I found a green 1954 Jaguar at a flea market last summer. The chrome fenders are peppered, but it's a really nice original rider. What a difference that three-speed hub makes on the uphills.


----------



## scrubbinrims (Jul 16, 2012)

Gold Medal- Silver King Flocycle
Silver Medal- Huffman Safety Streamline
Bronze Medal- Elgin Twinbar lines
Non Qualifier- Schwinn cantilever tankless frames (seriously folks?)


----------



## charliechaindrive (Jul 16, 2012)

Alexander rocket???  Wow!!


----------



## ohdeebee (Jul 16, 2012)

scrubbinrims said:


> Gold Medal- Silver King Flocycle
> Silver Medal- Huffman Safety Streamline
> Bronze Medal- Elgin Twinbar lines
> Non Qualifier- Schwinn cantilever tankless frames (seriously folks?)




I agree about the canti frames. They're played out. I'd go flocycle for second place behind the safety.


----------



## jd56 (Jul 16, 2012)

Not that I need to explain myself. But I know nothing of any tankless bikes.

Let me think on it. But if the light counts then that helps narrow it down....still thinking


----------



## SirMike1983 (Jul 16, 2012)

Double arch bar- they're streamlined and give a tidy appearance.


----------



## OMBAC-RAT (Jul 16, 2012)

*Spacelander*

Is the Bowden Spacelander considered nontank?


----------



## silvercreek (Jul 19, 2012)

SirMike1983 said:


> Double arch bar- they're streamlined and give a tidy appearance.




Very nice!


----------



## Freqman1 (Jul 19, 2012)

'47-8 Monark Hextube (BTW 'hextube' is a Leon Dixon copyright!) V/r Shawn


----------



## MaxGlide (Jul 19, 2012)

*Hey!

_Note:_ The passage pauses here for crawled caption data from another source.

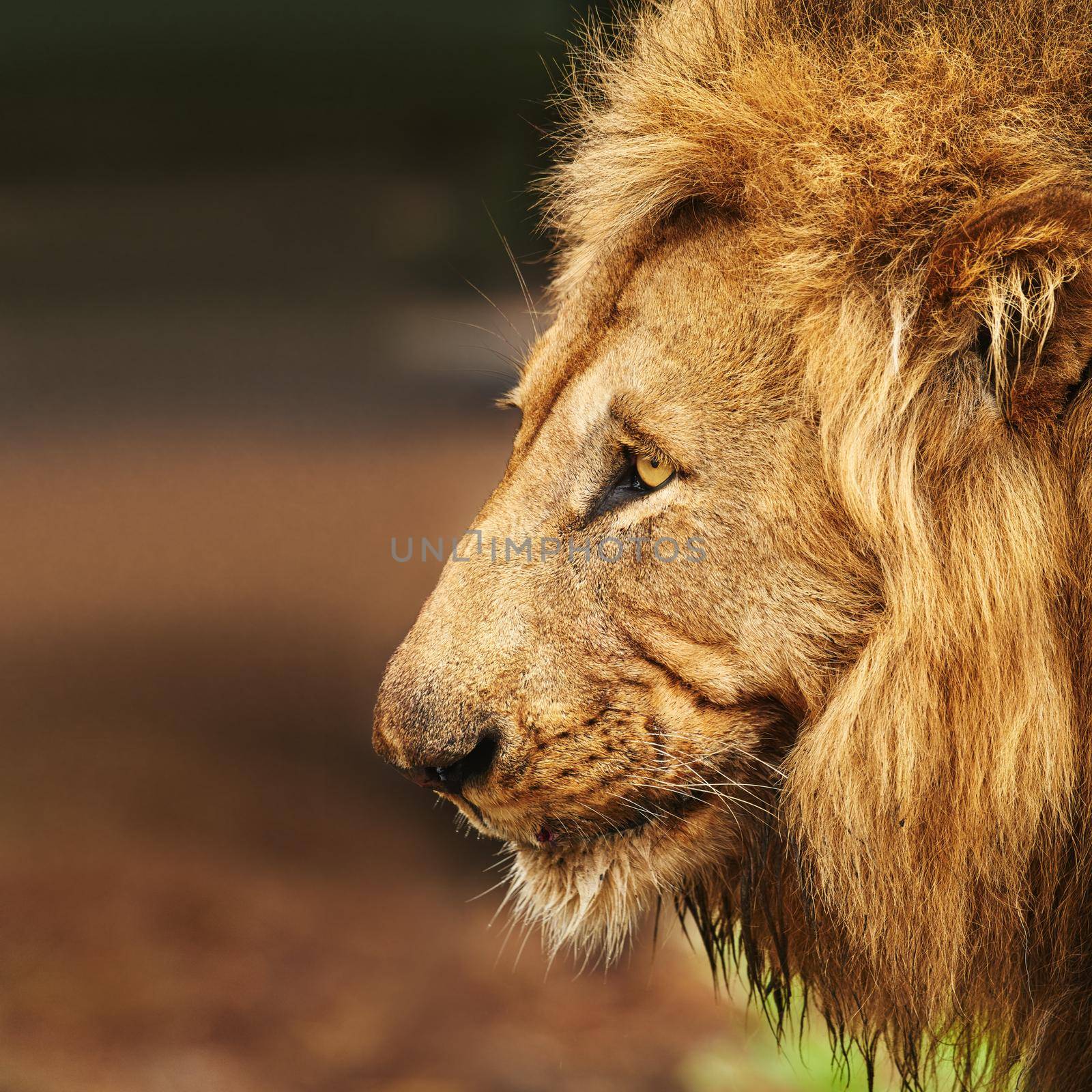 Hes a king with a lot of pride. Cropped shot of a lion on the plains of Africa. by YuriArcurs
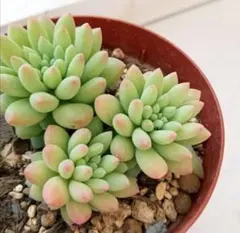 ポンタ様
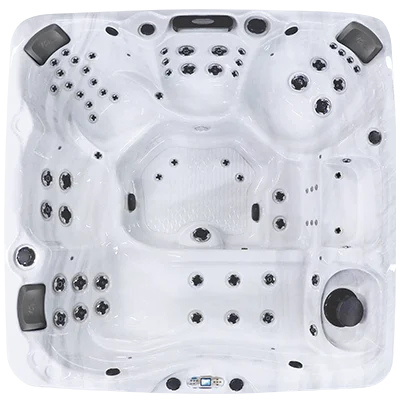 Avalon EC-867L hot tubs for sale in Charleston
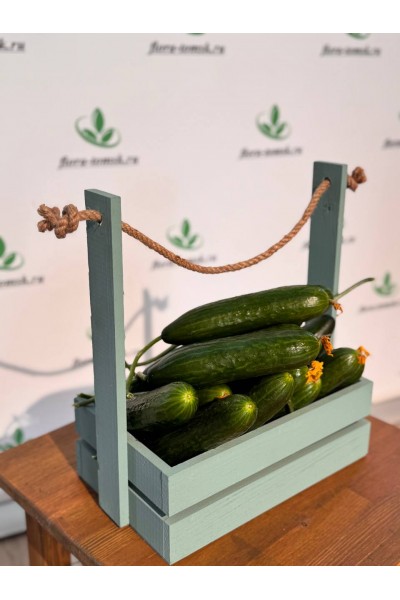 Огурец гладкий в Томске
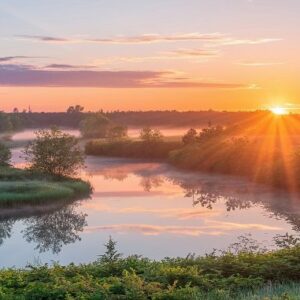 A sunrise by a river with lots of greenery.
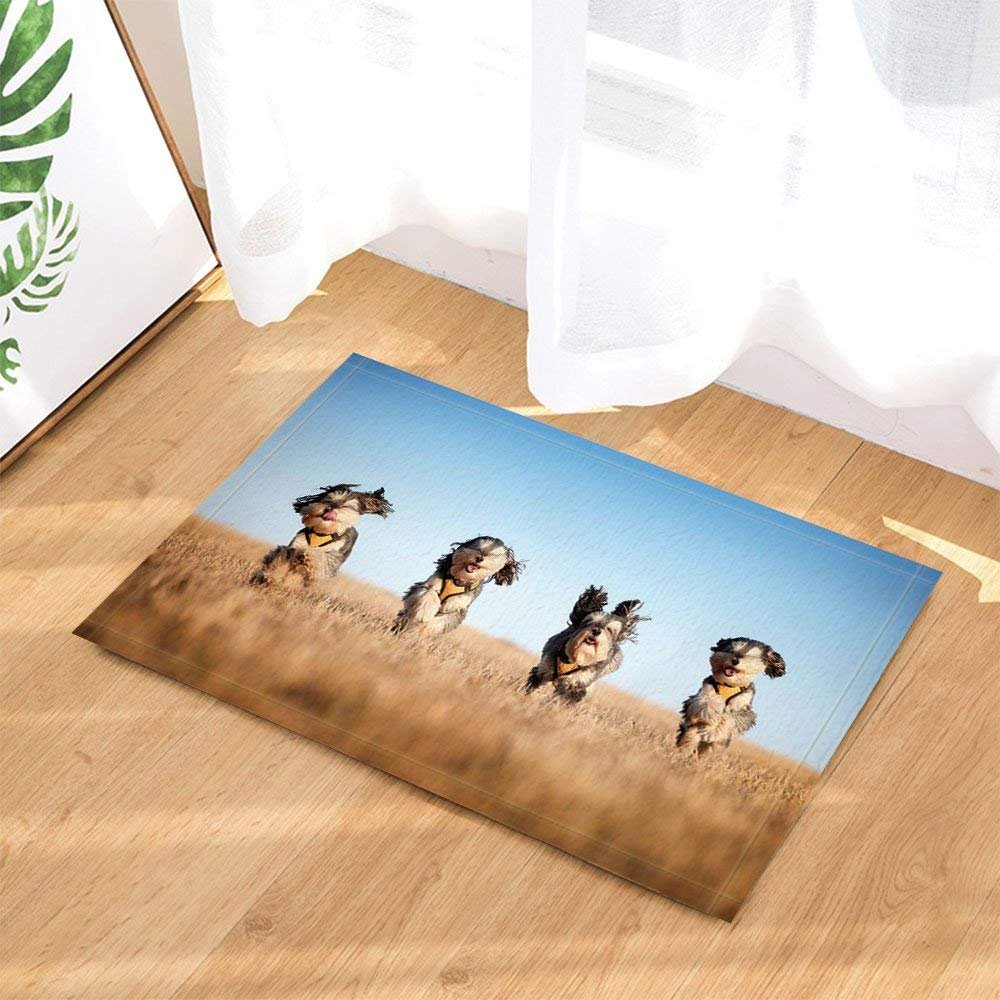 Amazon Com Yylzsq Animals Bath Rugs Funny Schnauzer Dog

I own two on the list!!*

The Hex bar and a 4 star Twin Bar!!

Woooo hoooo!


----------



## Balloontyre (Jul 19, 2012)

*1939 Twinbar*

My fav that I own


----------



## carlalotta (Jul 19, 2012)

Love my Elgin Skylarks....which I apparently need to take better photos of as I only have this one pic  



For the guys bikes, I like the Evinrude (mostly because thats the only guys bike I own so by default it is my favorite haha)


----------



## kingsilver (Jul 19, 2012)

*'37 silverking  flo-cycle*


----------



## catfish (Jul 20, 2012)

alw said:


> It would probably be my Alexander Rocket:






Good call!


----------



## ratdaddy (Jul 21, 2012)

*Elgin-rocket toss up*

Of course i love the twinn bar but these rocket bikes are tooo cool.they all have a place in my living room till i go away


----------



## rustjunkie (Jul 21, 2012)

ratdaddy said:


> Of course i love the twinn bar but these rocket bikes are tooo cool.they all have a place in my living room till i go away




Cool paint on the white one, can you post more pics?


----------



## ratdaddy (Jul 21, 2012)

*Rocket*

I will try tomorrow.i got this one from and old man that pasted lately.but it was mine originally and i had gave it too him back when i bought out the alexander shop in 83.he was a worker there thru the 60's making flashlight holders.and really wanted one to fix up.this is 2 of the original 28 rockets i pulled out of the shop.


----------



## catfish (Jul 21, 2012)

ratdaddy said:


> I will try tomorrow.i got this one from and old man that pasted lately.but it was mine originally and i had gave it too him back when i bought out the alexander shop in 83.he was a worker there thru the 60's making flashlight holders.and really wanted one to fix up.this is 2 of the original 28 rockets i pulled out of the shop.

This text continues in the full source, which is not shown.